Form of the spin 1 equation

1. Apr 15, 2010

RedX

The equation for a massive spin 1 particle is given by the Proca equation:

$$\partial_\mu(\partial^\mu A^\nu - \partial^\nu A^\mu)+ \left(\frac{mc}{\hbar}\right)^2 A^\nu=0$$

My question is why this equation? In particular, why can't it be like this instead:

$$\partial_\mu(\partial^\mu A^\nu +2 \partial^\nu A^\mu)+ \left(\frac{mc}{\hbar}\right)^2 A^\nu=0$$

The Lagrangian is given by:

$$\mathcal{L}=-\frac{1}{16\pi}(\partial^\mu A^\nu-\partial^\nu A^\mu)(\partial_\mu A_\nu-\partial_\nu A_\mu)+\frac{m^2 c^2}{8\pi \hbar^2}A^\nu A_\nu$$

and again, why can't the derivative terms instead be:

$$X\partial_\nu A_\mu \partial^\nu A^\mu+Y\partial_\nu A^\nu \partial^\mu A_\mu +Z\partial_\nu A^\mu \partial_\mu A^\nu$$

for arbitrary real numbers X,Y, and Z?

The answer can't be that there is a U(1) symmetry, because the mass terms don't obey the U(1) symmetry.

2. Apr 17, 2010

Avodyne

First, note that your Y term can be converted to your Z term (or vice versa) by integrating each derivative by parts to move it onto the other A. But there are still two possible inequivalent terms, so your question remains.

The answer in given in Weinberg vol I. If you choose any relative coefficient other than the QED one, there is an extra propagating spin-zero field, essentially the 4-divergence of A. Choosing the QED kinetic term eliminates this spin-zero field as a propagating degree of freedom. See Weinberg for the details.

3. Apr 17, 2010

RedX

Thanks for the information!
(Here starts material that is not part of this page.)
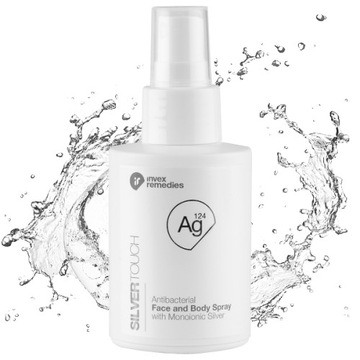 Invex Remedies АНТИБАКТЕРИАЛЬНАЯ ФЛЮИД Ag124 100 мл с моноионным серебром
I'll have a look at Weinberg's book, but real quick, does the reason have to do with quantum field theory, or does it hold true even in relativistic quantum mechanics?

Also, I was thinking about spin-2. The Lagrangian is given by:

$$S=\int d^4x\sqrt{-g}R$$

where $$R=R(g_{\mu \nu})$$

is the scalar curvature, a function of the metric $$g_{\mu\nu}$$ or graviton field.
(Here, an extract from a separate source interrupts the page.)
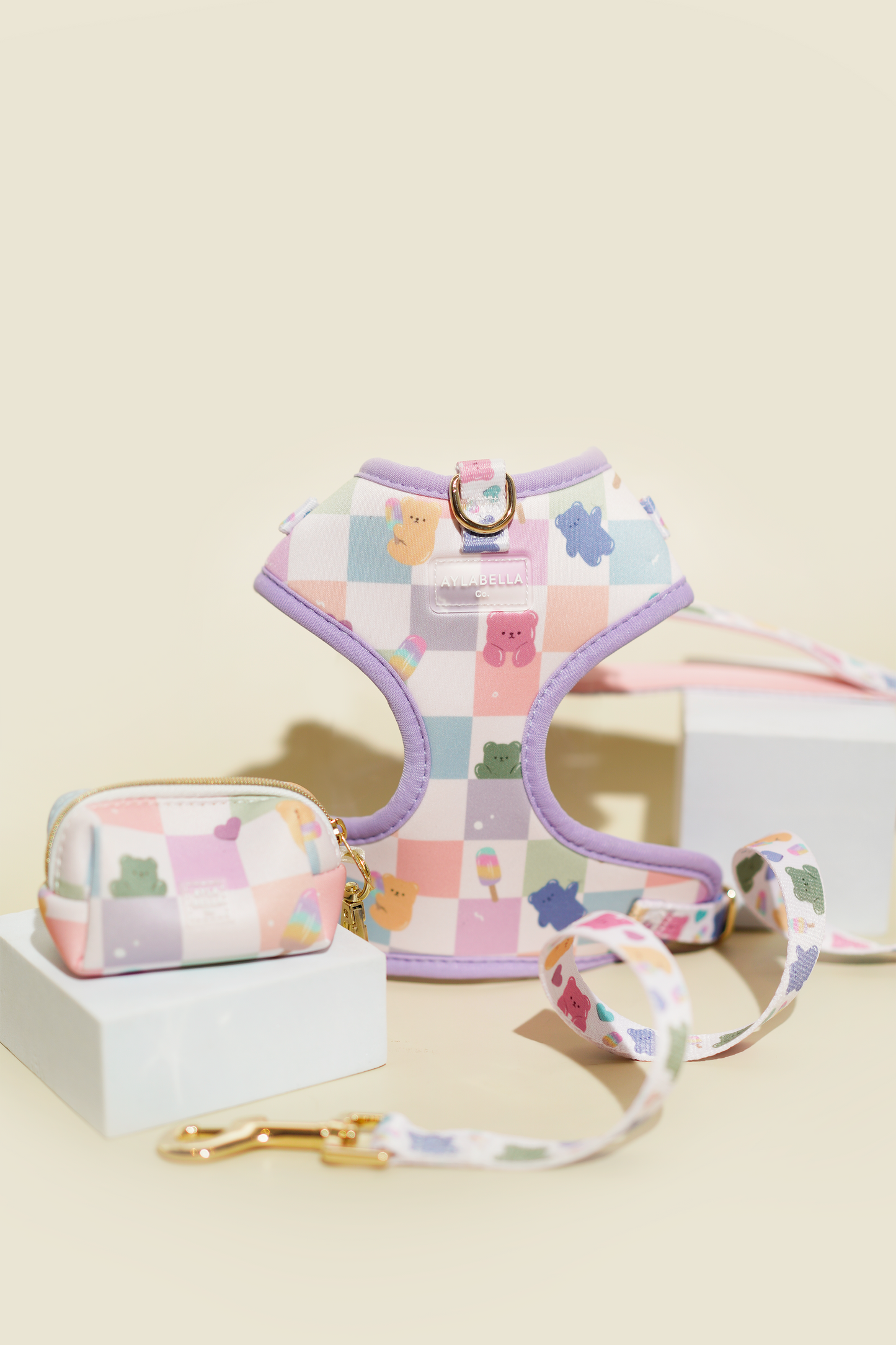 Cuddle Me, Baby Dog Collar (Pride Collection)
Would a different spin 2 particle, say $$z_{\mu\nu}$$, have the Lagrangian:

$$S=\int d^4x\sqrt{-g}R$$

where this time the scalar curvature $$R=R(z_{\mu \nu})$$

is of the same form as previously, but replacing a z for every g?

Because if this is true, then spin-2 particles don't all obey the same equation. Every spin 0 particle obeys Klein-Gordan. Every spin 1/2 the Dirac equation. But the graviton seems special.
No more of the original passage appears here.